FC Bayern v Real Madrid - 2019 International Champions Cup Photo by Alexander Hassenstein/Bongarts/Getty Images

Bayern Munich met Real Madrid in Houston hoping to give more experience to young players, gain more match fitness, and still avenge their loss to Arsenal just days before. Real may have been able to muster lots of chances in the first half (a big thank you to Karim Benzema for his much-helpful profligacy), but the game was all Bayern, particularly in the second half. Goals from Corentin Tolisso, Robert Lewandowski, and Serge Gnabry were enough to ensure an untimely Sven Ulreich red card and resulting goal weren’t enough to catch the Bavarians. It may have been a preseason game, but there are still valuable observations we can take from this fixture. That being said, here are three observations from Bayern’s win:

Thomas Müller up top

We’re accustomed to Thomas Müller playing behind or alongside a true number 9, where his Raumdeutering is perhaps best used. However, Niko Kovac decided to use this preseason game to experiment with Müller in the main central role in attack. His decision seems to have paid off. Müller played the first half of the game, and provided the decisive pass in the crucial opening goal with a great read of the defense to play David Alaba in behind. Beyond that, he provided his usual smart, defense-stretching runs, but despite their effectiveness they didn’t yield any fruit.

The decision to play Müller at striker could be Kovac testing to see just how comfortable the 29-year-old is playing there. A place Bayern have been lacking in recent years is a competent backup for Lewandowski, but with Müller looking satisfactory there and Fiete Arp coming as another weapon, the depth there is looking promising.

Fiete Arp under pressure

Speaking of Arp, the 19-year-old signing from Hamburg has been surprisingly solid in a rather unexpected role. Rather than playing him at his natural position of striker, Kovac has decided to test him out at his secondary left-wing, and today even on the right. Arp has definitely done well for a teenager thrust into a new team and a not-so-familiar role. Today, however, there was one area that stood out in needing work.

What makes most Bayern players great is how cool and confident they are under pressure, being able to withstand double and triple teams and keeping counter-attacks alive or spurring them on because of it. Think Thiago. He always has his head up and knows exactly what to do with the ball when under pressure. Now to juxtapose that with this game’s Arp. There were a number of times (I counted three good examples) where the teenager was near the touch line and was getting closed down by a couple defenders. Now, where Thiago would find a way to play the ball away from pressure to keep possession, Arp would put his head down and try to dribble through it. All three times he lost the ball, and Real could attack right away. Of course, it’s a lot to ask for a 19-year-old to already have a Thiago-esque skillset in addition to how refined he already is. But improving that facet of his game can only make him even more dangerous as a player, as well as integral to Bayern’s future.

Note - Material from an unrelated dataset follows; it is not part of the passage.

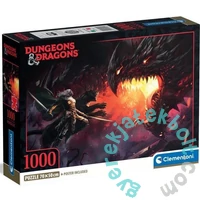 Clementoni 1000 db-os puzzle - Dungeons and Dragons (39960)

A rejuvenated Manuel Neuer

Within the first few minutes of the game, the commentators mentioned how Manuel Neuer would like to keep playing a while longer, but they weren’t convinced of his ability as his older age. It seems like Neuer heard this criticism, because by the end of the first half, he had made saves that only he in his prime could make. Going away from the ball he was able to reach back and push it away. He denied close range efforts on numerous occasions. By halftime, we forgot all about his early blunder of a shanked pass that gave up a corner. This kind of unbeatable Neuer is what Bayern needs, and especially what he himself needs. Multiple injury-plagued years have done nothing but made soccer fans and pundits everywhere question his abilities. Well, buckle up. Manuel Neuer heard those doubts. He wants you to know that he’s back, and boy, is he still good.